I mean, imperfectly, lots of, you know, bumps along the way.
But I agree with you, we were on the right trajectory.
It's amazing how stupid that is.
I mean, look, we have to give Hillary Clinton credit.
She murdered, had Jeffrey Epstein murdered, but that's good.
But no, where does she think those values came from?
This more perfect union, the idea of the perfect union, where does she think those values came from?
It's those white Christian men she finds so dangerous.
They're the ones that are holding us back.
And they're holding her back because she is like all radicals trying to destroy the thing that they made, which is the freedom and the ideas that do move us forward.
We do change.
We do progress, but we have to progress in keeping with the traditions that we were given by those white Christian men.
Their whiteness is incidental.
Their Christianity is not.
It is what formed them in their souls and made them see the vision that she's talking about that she is trying to turn into.
Oh, don't worry about the equality and the freedom.
We'll take care of that.
That's essentially what she's saying.
CNN, despicably, could there be anybody more despicable than CNN?
They are taking Charlie Kirk's murder and making a, Pamela Brown is making a danger Christian nationalism coming.
And it's all because Charlie Kirk died and the Christian nationalists are using that as opposed to the fact that a leftist killed Charlie Kirk and the Christian nationalists, as she likes to call them, are fighting back.
Here's a clip from this proposed documentary, Cut Six.

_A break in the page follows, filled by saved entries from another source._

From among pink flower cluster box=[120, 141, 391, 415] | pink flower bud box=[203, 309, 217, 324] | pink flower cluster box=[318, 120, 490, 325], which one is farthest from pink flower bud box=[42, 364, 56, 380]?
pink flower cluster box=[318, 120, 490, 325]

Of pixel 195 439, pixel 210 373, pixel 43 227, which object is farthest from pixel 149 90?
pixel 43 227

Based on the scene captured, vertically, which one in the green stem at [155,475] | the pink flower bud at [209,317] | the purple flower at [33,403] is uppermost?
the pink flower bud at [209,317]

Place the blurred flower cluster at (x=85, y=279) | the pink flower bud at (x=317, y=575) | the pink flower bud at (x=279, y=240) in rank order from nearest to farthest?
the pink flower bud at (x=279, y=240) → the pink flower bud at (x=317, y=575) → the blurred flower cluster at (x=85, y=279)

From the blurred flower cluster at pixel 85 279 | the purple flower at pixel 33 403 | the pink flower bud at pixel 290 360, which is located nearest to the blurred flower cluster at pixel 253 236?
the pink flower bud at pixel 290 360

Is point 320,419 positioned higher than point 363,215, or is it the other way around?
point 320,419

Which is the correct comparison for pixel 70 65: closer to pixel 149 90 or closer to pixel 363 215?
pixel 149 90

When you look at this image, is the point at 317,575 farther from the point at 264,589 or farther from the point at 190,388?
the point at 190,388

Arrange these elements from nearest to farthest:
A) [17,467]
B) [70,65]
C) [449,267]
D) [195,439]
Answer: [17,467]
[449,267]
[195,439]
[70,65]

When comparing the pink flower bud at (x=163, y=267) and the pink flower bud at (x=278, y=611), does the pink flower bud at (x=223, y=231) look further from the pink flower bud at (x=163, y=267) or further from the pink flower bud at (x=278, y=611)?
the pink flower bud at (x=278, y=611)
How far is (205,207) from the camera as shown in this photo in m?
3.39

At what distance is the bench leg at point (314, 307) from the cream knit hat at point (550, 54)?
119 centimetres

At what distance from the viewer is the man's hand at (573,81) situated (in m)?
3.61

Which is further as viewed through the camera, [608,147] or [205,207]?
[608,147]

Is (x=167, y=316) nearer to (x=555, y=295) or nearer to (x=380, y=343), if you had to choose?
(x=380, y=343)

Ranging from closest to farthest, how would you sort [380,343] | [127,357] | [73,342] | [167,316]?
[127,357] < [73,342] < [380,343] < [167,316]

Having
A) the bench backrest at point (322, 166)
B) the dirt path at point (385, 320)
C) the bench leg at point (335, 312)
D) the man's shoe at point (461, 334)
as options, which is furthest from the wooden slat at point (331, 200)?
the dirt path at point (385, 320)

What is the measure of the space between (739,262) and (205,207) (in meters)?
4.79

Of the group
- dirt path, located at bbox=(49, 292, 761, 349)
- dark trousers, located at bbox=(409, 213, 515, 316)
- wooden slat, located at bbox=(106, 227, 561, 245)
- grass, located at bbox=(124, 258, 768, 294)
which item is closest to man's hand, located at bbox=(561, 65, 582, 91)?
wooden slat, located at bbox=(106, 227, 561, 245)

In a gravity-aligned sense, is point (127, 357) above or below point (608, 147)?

Charlie Kirk, a conservative activist and prominent Christian nationalist, was assassinated.
It became a rallying call for those who believed in his message.
Our greatest evangelist for American Liberty became immortal.
And it was a call to action.
My charge to all of you, put Christ at the center of your life as he advocated for giving his memorial service was one of the most potent examples of the shift in our culture that we're experiencing right now,
where a large segment of American Christians are being activated by these ideas, radicalized by these ideas that say that they are the persecuted ones and that they need to stand up for Christians' rights.
Happens to be true, but okay, you know, it's radical, I guess.
The truth is radical.
Look, obviously, any religion can be used for bad purposes.
Christianity can be used and has been used for bad purposes.
But at the core of Christian religion and the thing that always brings it back to itself is this belief in sacrificial love.
And the purpose of love is creation.
The telos of love is creation.
I once got a bad review for Kingdom of Cain.
Somebody saying, no, the telos of love, a Catholic saying, telos of love is communion.
But the telos of communion is creation.
That's what marriage is all about, and that's what art is all about.
And so I want to talk about what I mean by Christianity by taking a look at some of the work of one of America's great artists who we lost this week, the actor Robert Duvall.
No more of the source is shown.